Lastly, we need to appreciate what kind of load this could put on the mirror network. We’ll be creating many more repos. What kind of overhead does that bring? Will we need to restructure the way mirrors selectively pull content? Nothing fundamentally changes here. It is a matter of quantity.

Additional TODOs:

  • Identify how to integrate with Bodhi, once we understand releases.
  • Elaborate on the roles of the orchestrator and koji modifications.
  • Holding the modules before a complete rebuild is done. (bring back the invalidator?)


It is useful to step back for a moment and think about some of the really cool new systems we have, like Koschei and OSBS.

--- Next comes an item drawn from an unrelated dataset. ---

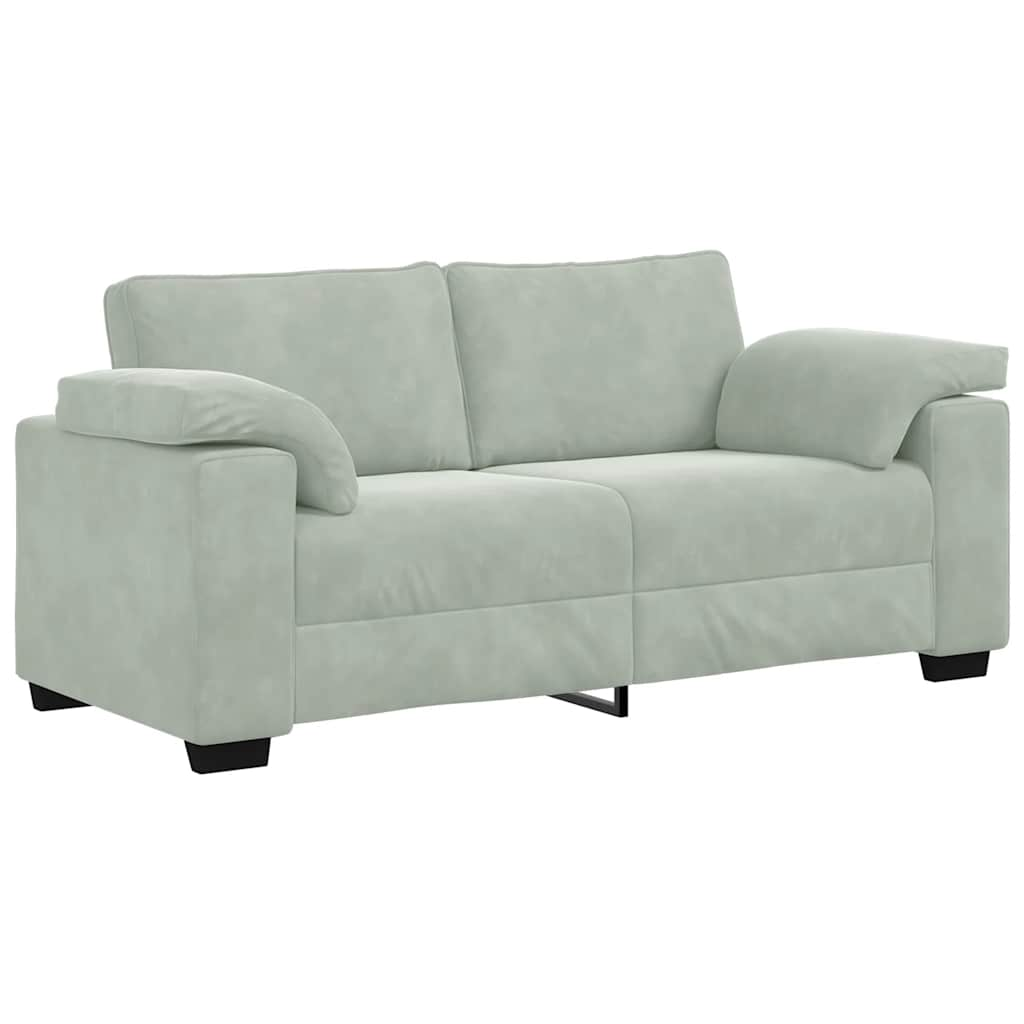 Loveseat Sofa Light Grey 140 cm Velvet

Koschei is a kind of continuous integration service. It monitors new builds in koji and in response, tries to also rebuild packages that depend on that package (as scratch buidls). In doing so, it attempts to find situations where packages inadvertently fail to rebuild from source, which is really useful. It has to suss out and maintain a dependency graph to accomplish this. For rpms only, it looks somewhat like the orchestrator tool in our diagram above (except less committed. It does scratch builds, not real builds.)

OSBS is a build system that we use to build docker containers. We run it as a kind of child of koji. It performs builds, and submits them back for koji to store via koji’s Content Generator API. It is particularly cool in that it automatically rebuilds containers that depend on one another. For docker containers only, it looks somewhat like the orchestrator tool in our diagram above (except less integrated with our environment. It is buried behind koji.)

You can see that we’re all heading towards some of the same patterns in our approach, but we lack a unified approach to modifying the pipeline as a whole. That’s understandable.. It’s big and hard to change! Furthermore, there’s likely a social explanation at root, with respect to Conway’s Law. We have an opportunity here to change that.

If we can solve the dep-graph modelling, chain-rebuilding, and CI problems generally in the pipeline, then we’ll be all the more situated to easily adapt to the next wave of technological change.